Tuesday, January 28, 2014 at 5:00 PM
Ohio Auditor Dave Yost reveals the results of his office’s special investigation into Columbus City Schools, he illustrates what he describes as a top-down culture of data manipulation and employee intimidation.
“This has been,” said Yost, “one of the most troubling things in the 14 years that I’ve been a public servant that I’ve ever come across.”
As Ohio Auditor Dave Yost reveals the results of his office’s special investigation into Columbus City Schools, he illustrates what he describes as a top-down culture of data manipulation and employee intimidation. Reporting for State Impact Ohio, Statehouse Correspondent Andy Chow reports on Yost’s findings.
The full report claims that major officials have been gaming the system for years in order to improve its ranking. One school administrator was accused of prodding teachers to change F’s to D’s. Yost says there was a more complex operation, starting in 2002, where a top administrator with the district would direct staff to withdraw students then re-enroll them. This way a student’s test score would not be counted to the school’s overall performance.
“They wanted to look good. They wanted their performance measurements to look better than they did. They wanted to avoid the consequences that come from not doing a good job,” Yost explained, “And I sincerely and devoutly hope that they will have to answer your questions in a court of law.”

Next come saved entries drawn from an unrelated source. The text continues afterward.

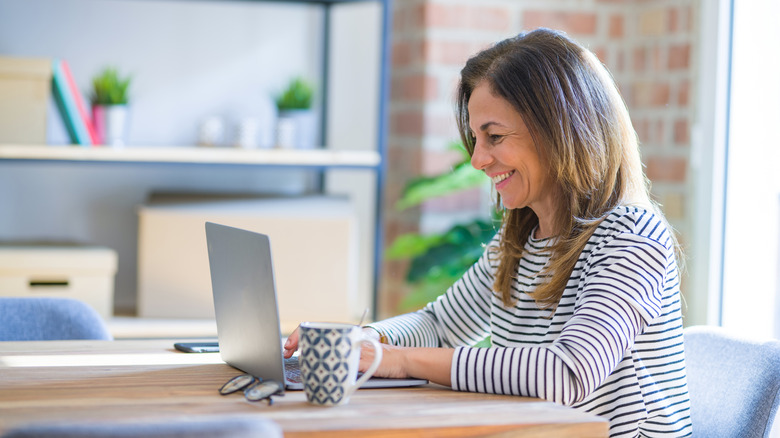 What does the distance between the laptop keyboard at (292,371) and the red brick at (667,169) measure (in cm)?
160

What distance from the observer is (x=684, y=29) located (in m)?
2.67

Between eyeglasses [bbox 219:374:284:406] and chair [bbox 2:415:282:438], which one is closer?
chair [bbox 2:415:282:438]

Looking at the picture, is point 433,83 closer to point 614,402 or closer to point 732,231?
point 732,231

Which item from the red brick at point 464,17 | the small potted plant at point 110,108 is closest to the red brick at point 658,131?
the red brick at point 464,17

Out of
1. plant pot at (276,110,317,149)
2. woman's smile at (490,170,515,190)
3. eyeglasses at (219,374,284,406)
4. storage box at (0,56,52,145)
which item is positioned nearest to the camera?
eyeglasses at (219,374,284,406)

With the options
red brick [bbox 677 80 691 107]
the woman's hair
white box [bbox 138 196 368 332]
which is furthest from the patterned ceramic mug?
red brick [bbox 677 80 691 107]

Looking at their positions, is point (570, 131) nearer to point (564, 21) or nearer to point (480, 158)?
point (480, 158)

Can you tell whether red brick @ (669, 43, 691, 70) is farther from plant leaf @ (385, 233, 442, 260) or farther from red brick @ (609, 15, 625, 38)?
plant leaf @ (385, 233, 442, 260)

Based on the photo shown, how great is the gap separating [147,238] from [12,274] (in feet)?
1.13

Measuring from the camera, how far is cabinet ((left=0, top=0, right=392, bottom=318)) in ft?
8.22

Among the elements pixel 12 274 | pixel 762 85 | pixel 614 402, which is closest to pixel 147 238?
pixel 12 274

There could be bigger consequences for some of the higher officials, like former Superintendent Gene Harris for example. Yost would not share any details but did say he will send a criminal referral to prosecutors as well as a referral to the Ohio Department of Education for license sanctions. In the end, Yost believes the real victims of the data scrubbing are the students.

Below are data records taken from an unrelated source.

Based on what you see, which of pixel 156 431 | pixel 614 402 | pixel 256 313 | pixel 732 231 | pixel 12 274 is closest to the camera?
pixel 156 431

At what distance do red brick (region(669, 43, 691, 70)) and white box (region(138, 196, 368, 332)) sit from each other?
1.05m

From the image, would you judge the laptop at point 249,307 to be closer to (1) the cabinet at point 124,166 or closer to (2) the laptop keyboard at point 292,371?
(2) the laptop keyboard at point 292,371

“This is a situation where we have a generation of kids in Columbus Schools who—there are members of that generation who were left behind,” said Yost, “Who didn’t get the resources or the attention or the opportunity that they were entitled to and that’s because the adults cheated.”

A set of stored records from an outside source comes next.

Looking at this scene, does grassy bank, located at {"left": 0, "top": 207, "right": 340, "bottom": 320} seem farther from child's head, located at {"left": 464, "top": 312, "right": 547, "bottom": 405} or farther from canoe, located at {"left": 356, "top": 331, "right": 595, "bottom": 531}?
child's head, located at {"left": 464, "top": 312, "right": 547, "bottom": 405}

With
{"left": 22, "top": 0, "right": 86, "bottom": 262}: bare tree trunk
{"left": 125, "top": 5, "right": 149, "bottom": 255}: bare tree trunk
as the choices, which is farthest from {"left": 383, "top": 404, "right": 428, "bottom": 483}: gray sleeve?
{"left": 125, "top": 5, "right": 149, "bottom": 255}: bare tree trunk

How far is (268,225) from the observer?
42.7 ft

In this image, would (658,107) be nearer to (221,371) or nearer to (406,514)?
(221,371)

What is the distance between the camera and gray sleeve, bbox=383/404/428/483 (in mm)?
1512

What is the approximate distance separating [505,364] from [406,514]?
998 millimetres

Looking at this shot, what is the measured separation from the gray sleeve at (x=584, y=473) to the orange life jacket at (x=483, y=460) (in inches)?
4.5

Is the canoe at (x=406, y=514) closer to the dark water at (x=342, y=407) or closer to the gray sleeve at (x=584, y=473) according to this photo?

As far as oversight is concerned, Yost says the Columbus School board could do a better job. He adds that the Ohio Department of Education, which collects these attendance records, mostly operates under the honor system. However, Yost says the department is working on developing better reporting procedures.
Republican Representative Gerald Stebelton from Lancaster is the chairman for the House Education committee. He says he wants to take a close look at the auditor’s report and decide whether legislative action is needed. He adds that he finds the results concerning when added to previous data problems in other school districts.
“This is a big issue,” said Stebelton, “A huge issue perhaps more important than anything else we do in education in this state this year or next year too.”
Soon after the report was released, Columbus City Schools announced that several administrators would be fired for their role in changing data.
Andy Chow at the Ohio Public Radio Statehouse News Bureau.